- _EXERCISE OBJECTIVE_: Below are the records; give again exactly the line with "Kaymakam Gülen ve", the line with "Picture 4 of 16", and each line that lies between them, and nothing besides.

(Saved data entries)

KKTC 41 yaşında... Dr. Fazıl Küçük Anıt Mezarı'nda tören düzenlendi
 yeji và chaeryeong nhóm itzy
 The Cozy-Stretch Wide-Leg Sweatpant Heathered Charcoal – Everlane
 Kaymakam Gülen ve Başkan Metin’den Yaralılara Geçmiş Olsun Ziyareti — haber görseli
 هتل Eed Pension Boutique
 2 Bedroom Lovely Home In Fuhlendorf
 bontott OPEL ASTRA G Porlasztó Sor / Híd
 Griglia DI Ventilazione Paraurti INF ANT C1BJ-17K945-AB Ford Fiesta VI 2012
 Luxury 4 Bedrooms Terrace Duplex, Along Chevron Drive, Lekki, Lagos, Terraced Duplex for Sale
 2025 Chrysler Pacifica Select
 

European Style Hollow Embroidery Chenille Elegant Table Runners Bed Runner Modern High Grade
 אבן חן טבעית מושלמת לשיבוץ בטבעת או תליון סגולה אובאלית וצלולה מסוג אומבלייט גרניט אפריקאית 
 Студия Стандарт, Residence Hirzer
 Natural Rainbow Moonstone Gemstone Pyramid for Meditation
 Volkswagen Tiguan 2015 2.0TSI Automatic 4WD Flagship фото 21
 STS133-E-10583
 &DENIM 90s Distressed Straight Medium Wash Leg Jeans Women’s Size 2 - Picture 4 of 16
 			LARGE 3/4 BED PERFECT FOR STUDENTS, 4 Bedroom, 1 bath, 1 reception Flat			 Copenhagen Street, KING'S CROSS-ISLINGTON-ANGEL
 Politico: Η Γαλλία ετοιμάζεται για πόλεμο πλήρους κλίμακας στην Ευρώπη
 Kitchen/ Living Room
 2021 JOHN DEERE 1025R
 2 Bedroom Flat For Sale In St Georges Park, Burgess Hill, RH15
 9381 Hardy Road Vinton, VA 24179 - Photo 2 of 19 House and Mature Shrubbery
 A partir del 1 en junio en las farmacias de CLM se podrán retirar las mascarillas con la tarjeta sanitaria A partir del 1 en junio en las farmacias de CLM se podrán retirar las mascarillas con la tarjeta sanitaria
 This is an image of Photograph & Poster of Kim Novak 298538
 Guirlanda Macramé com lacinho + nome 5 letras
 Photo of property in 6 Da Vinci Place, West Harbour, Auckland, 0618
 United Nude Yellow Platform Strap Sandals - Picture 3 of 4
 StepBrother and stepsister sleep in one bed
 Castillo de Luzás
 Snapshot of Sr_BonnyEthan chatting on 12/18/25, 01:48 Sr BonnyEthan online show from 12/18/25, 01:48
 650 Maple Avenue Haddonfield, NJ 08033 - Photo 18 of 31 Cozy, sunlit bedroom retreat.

- _TASK RESPONSE_:
 Kaymakam Gülen ve Başkan Metin’den Yaralılara Geçmiş Olsun Ziyareti — haber görseli
 هتل Eed Pension Boutique
 2 Bedroom Lovely Home In Fuhlendorf
 bontott OPEL ASTRA G Porlasztó Sor / Híd
 Griglia DI Ventilazione Paraurti INF ANT C1BJ-17K945-AB Ford Fiesta VI 2012
 Luxury 4 Bedrooms Terrace Duplex, Along Chevron Drive, Lekki, Lagos, Terraced Duplex for Sale
 2025 Chrysler Pacifica Select
 

European Style Hollow Embroidery Chenille Elegant Table Runners Bed Runner Modern High Grade
 אבן חן טבעית מושלמת לשיבוץ בטבעת או תליון סגולה אובאלית וצלולה מסוג אומבלייט גרניט אפריקאית 
 Студия Стандарт, Residence Hirzer
 Natural Rainbow Moonstone Gemstone Pyramid for Meditation
 Volkswagen Tiguan 2015 2.0TSI Automatic 4WD Flagship фото 21
 STS133-E-10583
 &DENIM 90s Distressed Straight Medium Wash Leg Jeans Women’s Size 2 - Picture 4 of 16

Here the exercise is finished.